§ **REQUIRED ACTION**: Which lines below fall between the one containing "Tie dye cat" and the one containing "Fototapeta premium Humorous"? Repeat them exactly, counting both of those lines, and add nothing else.

§ **EXERCISE MATERIALS**:
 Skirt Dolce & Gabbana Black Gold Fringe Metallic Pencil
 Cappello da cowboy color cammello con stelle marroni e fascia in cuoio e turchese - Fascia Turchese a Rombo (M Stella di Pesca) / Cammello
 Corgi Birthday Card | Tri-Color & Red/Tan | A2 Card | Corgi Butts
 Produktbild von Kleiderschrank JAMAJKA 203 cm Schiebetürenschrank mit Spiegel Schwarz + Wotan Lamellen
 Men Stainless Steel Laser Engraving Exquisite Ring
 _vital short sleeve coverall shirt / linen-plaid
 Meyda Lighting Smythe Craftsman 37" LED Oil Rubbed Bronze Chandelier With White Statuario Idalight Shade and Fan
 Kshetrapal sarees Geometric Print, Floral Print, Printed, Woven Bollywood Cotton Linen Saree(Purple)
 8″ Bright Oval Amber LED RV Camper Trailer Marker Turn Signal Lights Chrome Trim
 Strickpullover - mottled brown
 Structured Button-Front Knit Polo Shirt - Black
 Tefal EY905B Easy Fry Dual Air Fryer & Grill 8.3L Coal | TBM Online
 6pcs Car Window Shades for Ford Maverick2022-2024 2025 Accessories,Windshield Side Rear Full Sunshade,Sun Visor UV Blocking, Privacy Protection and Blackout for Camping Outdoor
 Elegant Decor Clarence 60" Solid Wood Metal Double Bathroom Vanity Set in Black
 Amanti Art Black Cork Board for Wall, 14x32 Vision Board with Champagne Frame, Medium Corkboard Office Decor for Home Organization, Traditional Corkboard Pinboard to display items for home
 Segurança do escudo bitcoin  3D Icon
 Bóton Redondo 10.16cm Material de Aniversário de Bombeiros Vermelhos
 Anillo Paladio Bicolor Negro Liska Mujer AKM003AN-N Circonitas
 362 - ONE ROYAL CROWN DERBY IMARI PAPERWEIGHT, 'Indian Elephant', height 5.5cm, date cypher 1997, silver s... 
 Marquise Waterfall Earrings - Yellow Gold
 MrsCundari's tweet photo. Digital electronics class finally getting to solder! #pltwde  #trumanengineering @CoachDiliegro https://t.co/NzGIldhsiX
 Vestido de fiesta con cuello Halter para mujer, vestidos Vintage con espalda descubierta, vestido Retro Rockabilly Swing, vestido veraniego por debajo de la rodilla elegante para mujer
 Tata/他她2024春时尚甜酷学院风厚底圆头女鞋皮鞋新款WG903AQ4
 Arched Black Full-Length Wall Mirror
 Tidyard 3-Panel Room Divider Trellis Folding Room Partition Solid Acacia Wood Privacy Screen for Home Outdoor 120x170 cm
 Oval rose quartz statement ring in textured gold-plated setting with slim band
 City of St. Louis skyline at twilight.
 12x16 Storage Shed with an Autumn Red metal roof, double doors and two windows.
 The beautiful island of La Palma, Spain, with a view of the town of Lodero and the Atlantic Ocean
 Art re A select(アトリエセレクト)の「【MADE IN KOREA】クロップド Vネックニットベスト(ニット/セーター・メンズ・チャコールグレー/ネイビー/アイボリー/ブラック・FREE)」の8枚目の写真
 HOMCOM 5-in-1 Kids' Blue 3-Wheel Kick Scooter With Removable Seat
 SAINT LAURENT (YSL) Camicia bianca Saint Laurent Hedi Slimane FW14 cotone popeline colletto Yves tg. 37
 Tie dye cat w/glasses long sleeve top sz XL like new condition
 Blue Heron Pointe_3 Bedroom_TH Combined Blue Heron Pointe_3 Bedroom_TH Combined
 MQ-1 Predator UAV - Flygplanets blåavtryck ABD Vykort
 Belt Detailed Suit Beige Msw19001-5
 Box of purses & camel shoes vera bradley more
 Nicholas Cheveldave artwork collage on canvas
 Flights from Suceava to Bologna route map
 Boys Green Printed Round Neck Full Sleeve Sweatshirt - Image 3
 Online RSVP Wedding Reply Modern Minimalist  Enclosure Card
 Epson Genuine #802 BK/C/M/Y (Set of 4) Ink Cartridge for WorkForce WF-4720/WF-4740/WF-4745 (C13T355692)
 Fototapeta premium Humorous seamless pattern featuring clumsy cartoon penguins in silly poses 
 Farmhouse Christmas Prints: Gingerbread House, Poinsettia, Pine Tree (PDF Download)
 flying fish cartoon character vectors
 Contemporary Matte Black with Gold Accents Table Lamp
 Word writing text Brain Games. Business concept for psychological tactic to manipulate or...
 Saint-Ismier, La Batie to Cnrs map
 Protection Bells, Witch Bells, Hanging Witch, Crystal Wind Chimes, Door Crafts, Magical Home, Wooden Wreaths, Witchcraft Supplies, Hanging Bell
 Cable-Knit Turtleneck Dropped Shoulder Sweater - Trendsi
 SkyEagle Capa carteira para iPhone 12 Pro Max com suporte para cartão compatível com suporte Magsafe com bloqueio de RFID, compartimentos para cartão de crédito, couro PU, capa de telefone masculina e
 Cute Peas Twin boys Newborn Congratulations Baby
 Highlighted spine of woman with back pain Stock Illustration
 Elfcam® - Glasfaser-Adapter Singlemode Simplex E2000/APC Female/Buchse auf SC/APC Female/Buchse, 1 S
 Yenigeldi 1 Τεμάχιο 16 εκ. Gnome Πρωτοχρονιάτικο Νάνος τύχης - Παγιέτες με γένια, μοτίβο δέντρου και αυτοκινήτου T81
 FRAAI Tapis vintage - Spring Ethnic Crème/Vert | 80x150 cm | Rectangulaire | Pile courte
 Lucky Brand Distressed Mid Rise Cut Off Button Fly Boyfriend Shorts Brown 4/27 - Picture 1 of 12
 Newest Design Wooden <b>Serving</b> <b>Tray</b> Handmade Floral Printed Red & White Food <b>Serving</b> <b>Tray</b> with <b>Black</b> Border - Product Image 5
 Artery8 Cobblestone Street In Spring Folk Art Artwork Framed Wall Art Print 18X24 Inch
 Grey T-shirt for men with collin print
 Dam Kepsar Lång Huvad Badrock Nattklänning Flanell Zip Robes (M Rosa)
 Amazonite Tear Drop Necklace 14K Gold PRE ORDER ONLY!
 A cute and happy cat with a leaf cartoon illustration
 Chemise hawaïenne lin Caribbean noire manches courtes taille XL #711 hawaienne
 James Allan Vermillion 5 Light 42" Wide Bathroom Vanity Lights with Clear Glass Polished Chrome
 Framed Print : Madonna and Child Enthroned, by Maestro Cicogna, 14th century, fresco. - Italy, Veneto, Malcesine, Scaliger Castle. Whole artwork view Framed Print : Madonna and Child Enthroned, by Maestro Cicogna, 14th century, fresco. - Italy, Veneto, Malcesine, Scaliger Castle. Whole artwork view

§ **ANSWER FOR THE TASK**:
 Tie dye cat w/glasses long sleeve top sz XL like new condition
 Blue Heron Pointe_3 Bedroom_TH Combined Blue Heron Pointe_3 Bedroom_TH Combined
 MQ-1 Predator UAV - Flygplanets blåavtryck ABD Vykort
 Belt Detailed Suit Beige Msw19001-5
 Box of purses & camel shoes vera bradley more
 Nicholas Cheveldave artwork collage on canvas
 Flights from Suceava to Bologna route map
 Boys Green Printed Round Neck Full Sleeve Sweatshirt - Image 3
 Online RSVP Wedding Reply Modern Minimalist  Enclosure Card
 Epson Genuine #802 BK/C/M/Y (Set of 4) Ink Cartridge for WorkForce WF-4720/WF-4740/WF-4745 (C13T355692)
 Fototapeta premium Humorous seamless pattern featuring clumsy cartoon penguins in silly poses 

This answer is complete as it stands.